R3. Earliest Know Uses of Some of the Words in Mathematics (and its companion Earliest Uses of Various Mathematical Symbols): I'm a big fan of understanding the history of scientific/mathematical terms as a way to better understand those terms. Terms are developed to convey ideas to particular people in particular times. If you aren't one of those people in one of those times, they can be very confusing. Reaching back to those times is helpful for understanding and remembering. For example, on the Not So Standard Deviations podcast, the hosts were discussing how confusing the term "one hot encoding" was for them. Why didn't people just say binary or dummy variable?
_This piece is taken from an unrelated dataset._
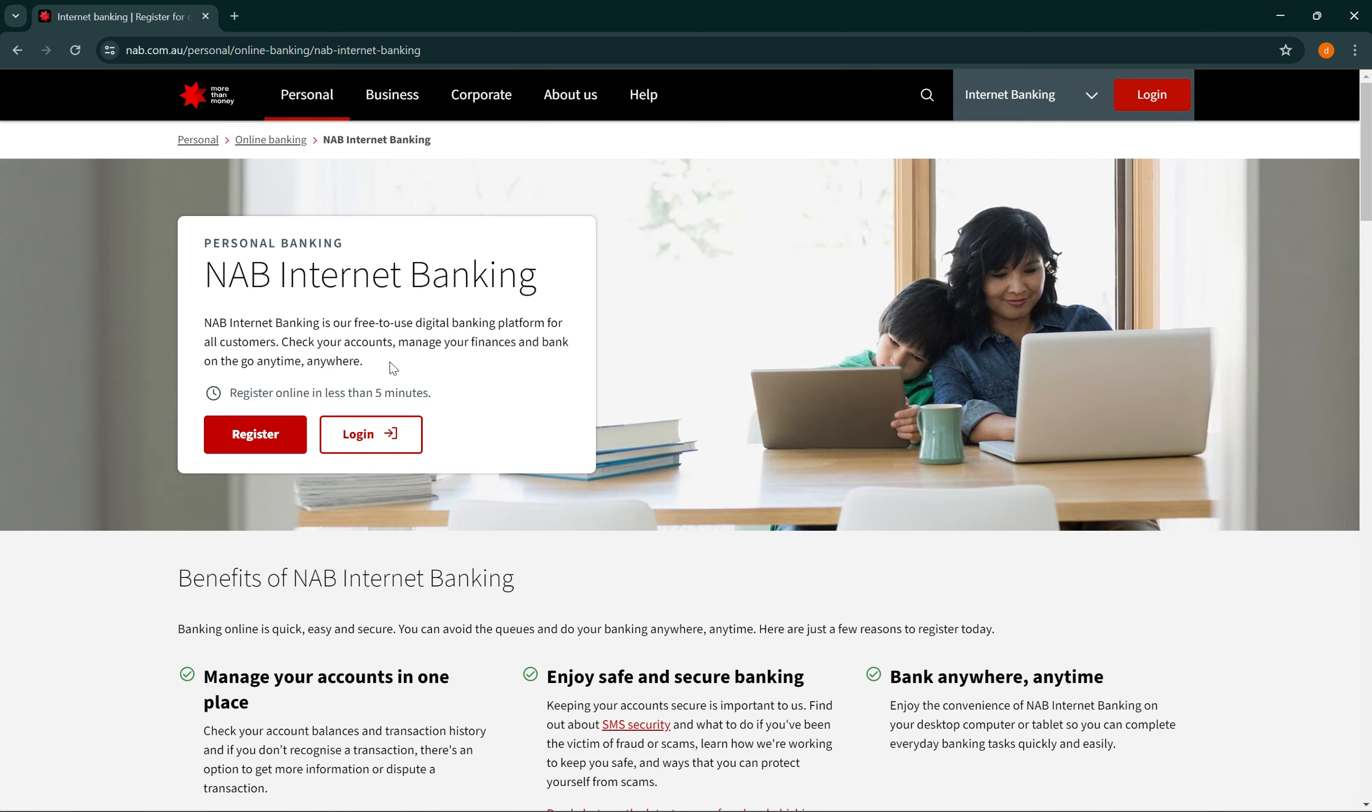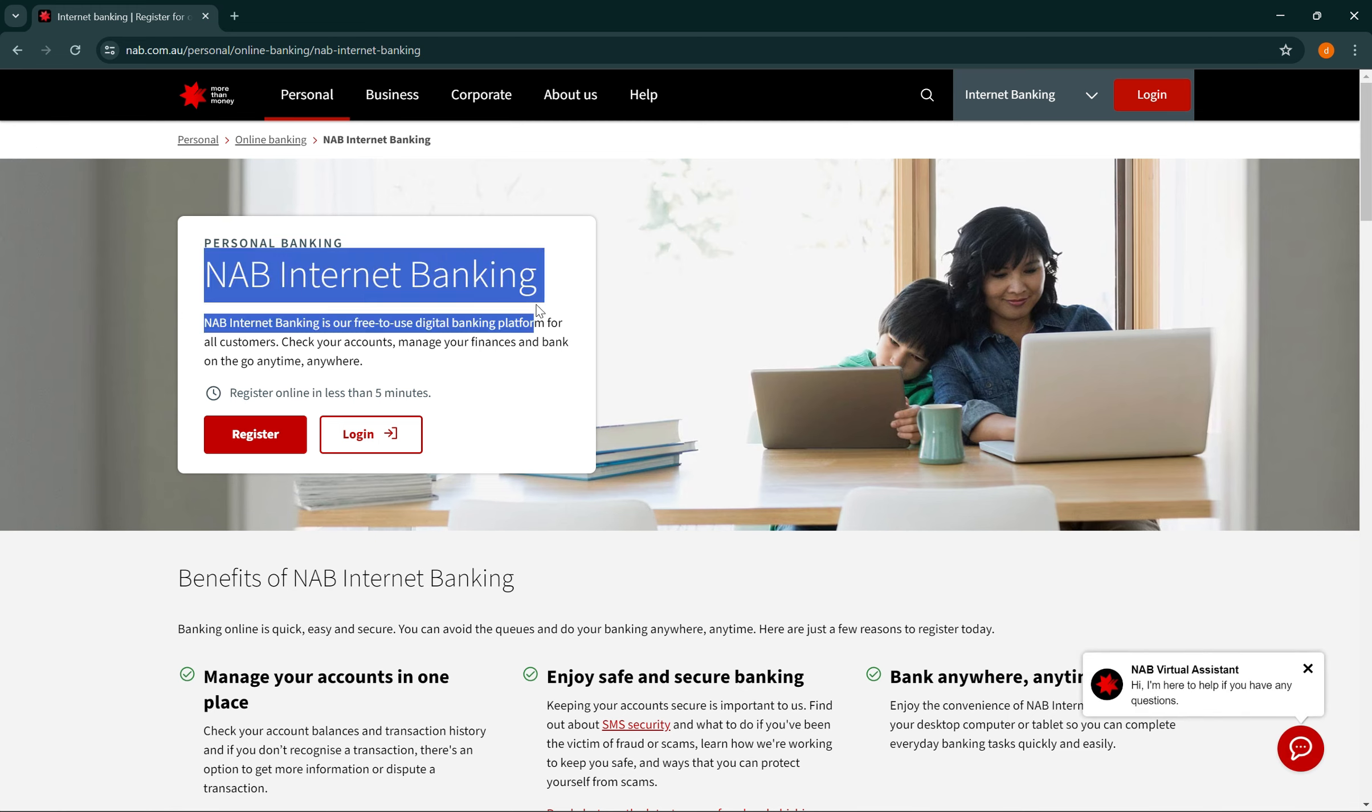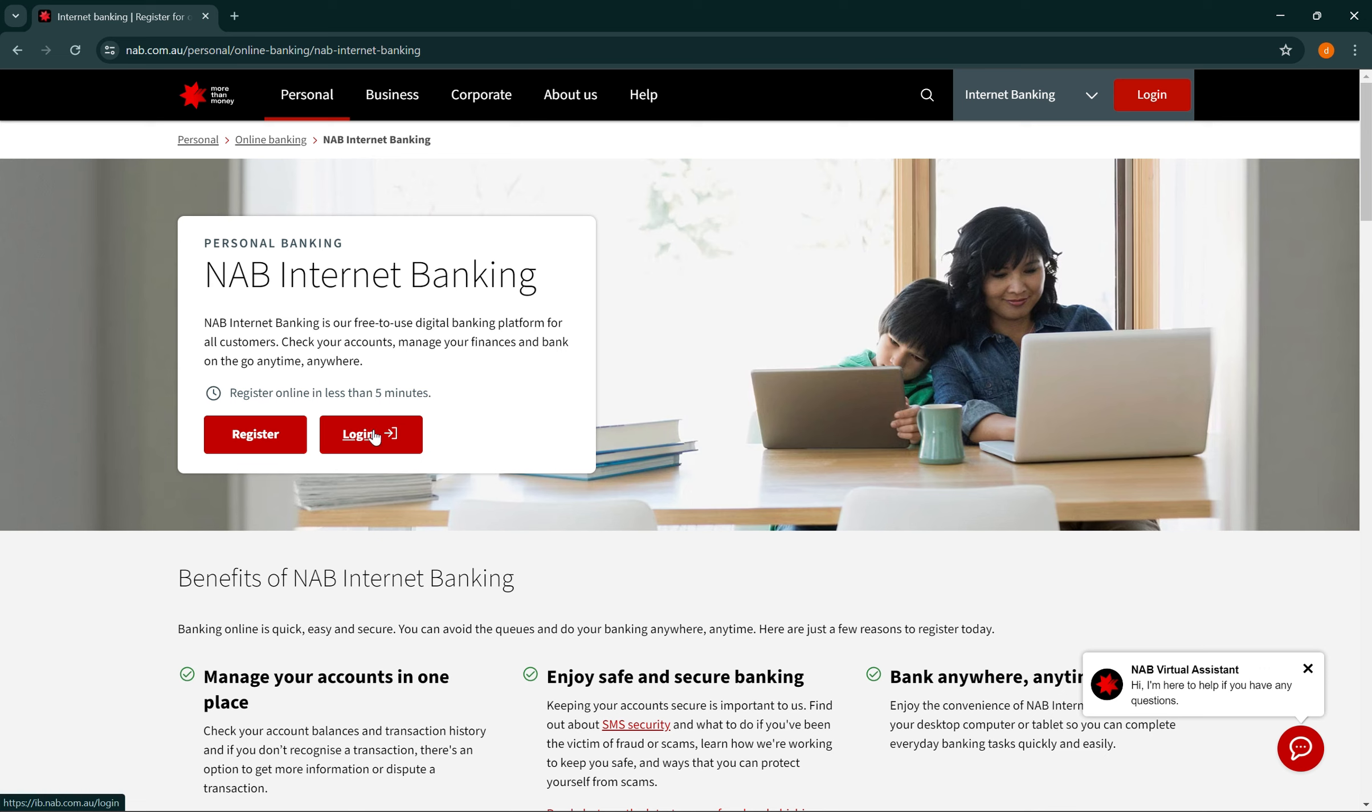This will take you to the NAB internet banking official website. Then you can select login which is right in front of the screen or on the top right corner.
The hosts have backgrounds in statistics, where the latter terms are common, not machine learning were one hot is common. When they learned the origin of the word--see digital circuitry Wiki--they commented on how they would likely not forget the term again. These math history websites should be a great resource for making these kinds of connections for mathematical concepts and symbols (though they definitely need to diversify the panel of pictured mathematicians).
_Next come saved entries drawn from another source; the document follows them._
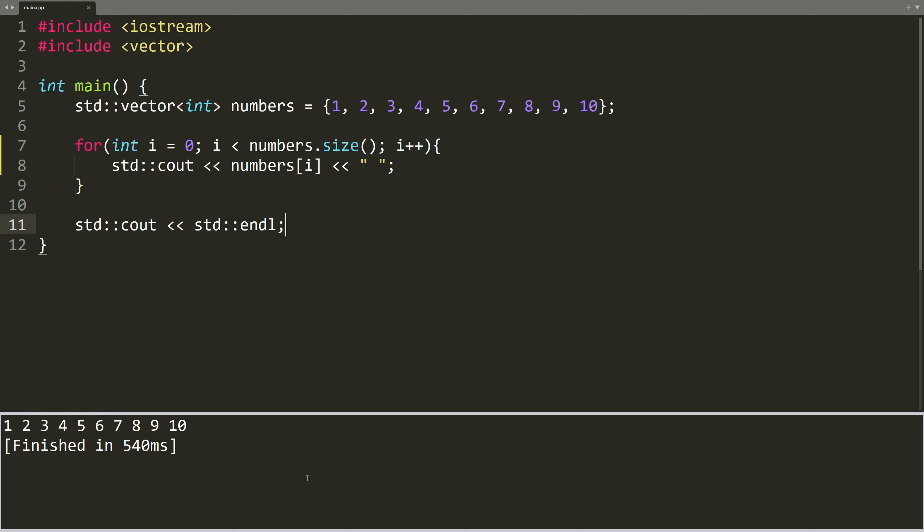Whenever we come across a scenario like this, where we have a counter variable that starts at 0, iterates up to the length of the vector or whatever collection we are working with and increments by 1, it signifies that we are performing an action for each element in that vector or collection.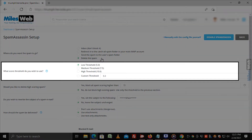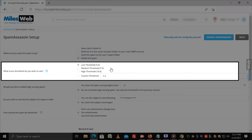What score threshold do you wish to use? You can set a score between 0 and 10. If you select a lower threshold such as 5.0, it will block more spam emails, but can potentially tag legitimate mails as spam.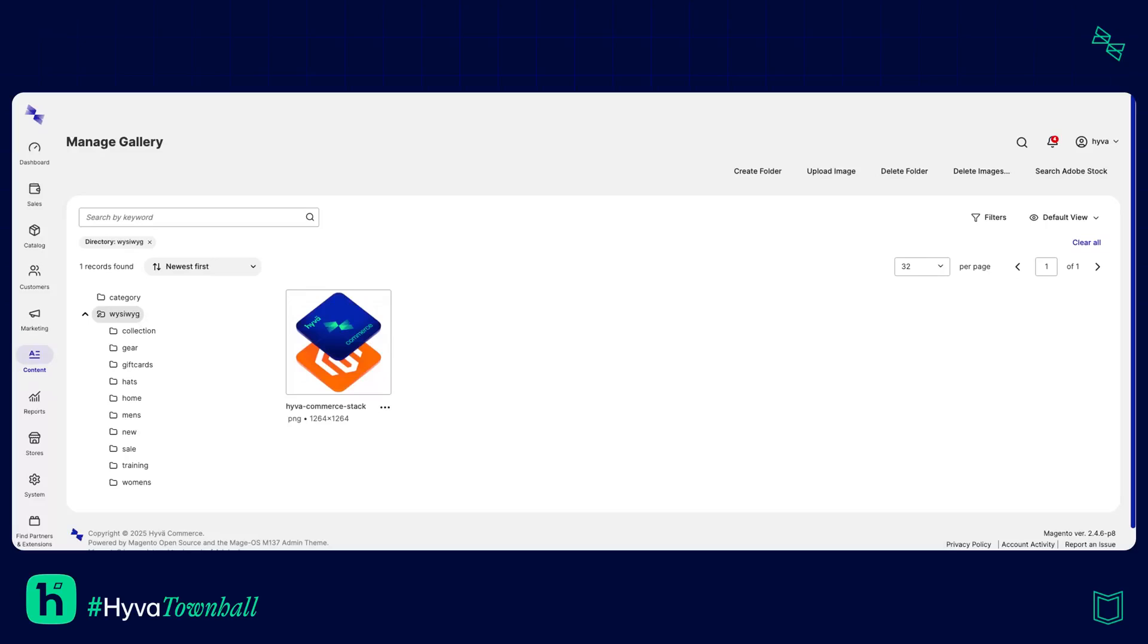Before we get into it I just want to give a quick shout out to Sergei who showed this to me and I'm really excited to show it to you guys today because I think having these kinds of features in Magento is awesome. Here we are in the media gallery of Magento.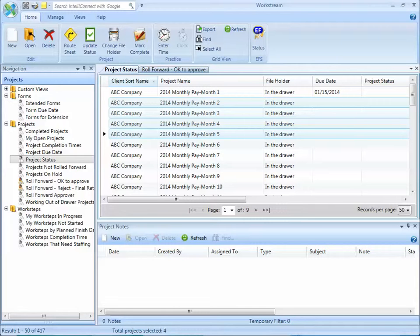By manually rolling a project forward, you have the ability to review and edit all of the roll-forward rules for that particular project or group of projects.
R4. A World Without Email (Newport): One of the more interesting parts of this book is not that email, Slack, and the resulting "hive mind" are stressful and ineffectual, but the reason that we continue to put up with this stress and inefficiency is that it is easy in the moment--it's a time inconsistency problem. How do we escape this trap? By living the world we want to create--focusing on the problem, consistently experimenting, and not getting distracted along the way, by short term inconveniences. He motivates this by describing the process Henry Ford used that culminated in huge efficiency gains, but produced a lot of inefficiency along the way. For example, he created specialised machines to do specific tasks, but a new specialised machine is prone to frequent malfunction and could hold up the assembly line. Ultimately, the kinks would be worked out and, brought together with other improvements, dramatic productivity gains were realised.
Two other key takeaways for me:
- Distinguish (both for yourself as a manager and your team) work execution and workflow. Going back to Peter Drucker, knowledge workers are seen as needing significant autonomy. Their manager might not even know how to do their specialised and creative job. Newport argues that this is certainly true of work execution, but that workflow processes benefit from more structure. Without it, we are swamped with emails and slack messages; distracting us from work execution.
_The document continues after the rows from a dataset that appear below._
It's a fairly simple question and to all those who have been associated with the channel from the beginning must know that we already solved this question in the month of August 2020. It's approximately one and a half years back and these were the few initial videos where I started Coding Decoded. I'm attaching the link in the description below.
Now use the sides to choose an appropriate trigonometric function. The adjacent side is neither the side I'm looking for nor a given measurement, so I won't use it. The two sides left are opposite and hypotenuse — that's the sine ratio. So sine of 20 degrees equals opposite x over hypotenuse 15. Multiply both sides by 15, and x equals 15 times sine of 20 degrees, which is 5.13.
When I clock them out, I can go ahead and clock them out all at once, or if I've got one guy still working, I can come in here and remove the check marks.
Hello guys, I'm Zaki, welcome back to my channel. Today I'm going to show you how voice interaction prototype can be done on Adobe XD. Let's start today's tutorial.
- Don't extensively explain your plan to be more productive to external stakeholders, just be more productive. They will be annoyed if you explain it to them (it's likely to be taken as an accusation that their workflow isn't productive) and it will be a test of whether or not you are actually being more productive.
R5. I'm on parental leave at the moment and spending a lot of time singing show tunes to a two month old. Oklahoma! is a particular favourite of the little one. The soundtrack album art on Spotify uses a different form of persuasion than I'm familiar with in recent advertising:
Motion picture that ran a year on Broadway at $3.50!

Not only did it run for a long time on broadway, but they could charge so much money for it! Oklahoma was on Broadway in 1943. I guess even more impressive that they could charge so much during World War II hardship 🤷♀️.
The musical overall is pretty darn problematic. . .
R6. To close this week's reading list, a small wiki rabbit hole: “Scare quote” was coined by E. Anscombe in an essay called “Aristotle and the Sea Battle” (Wiki). The Greeks had a symbol for indicating irony or dubiousness called a diple periestigmene (⸖). A version lives on in the French guillemets (<<>>).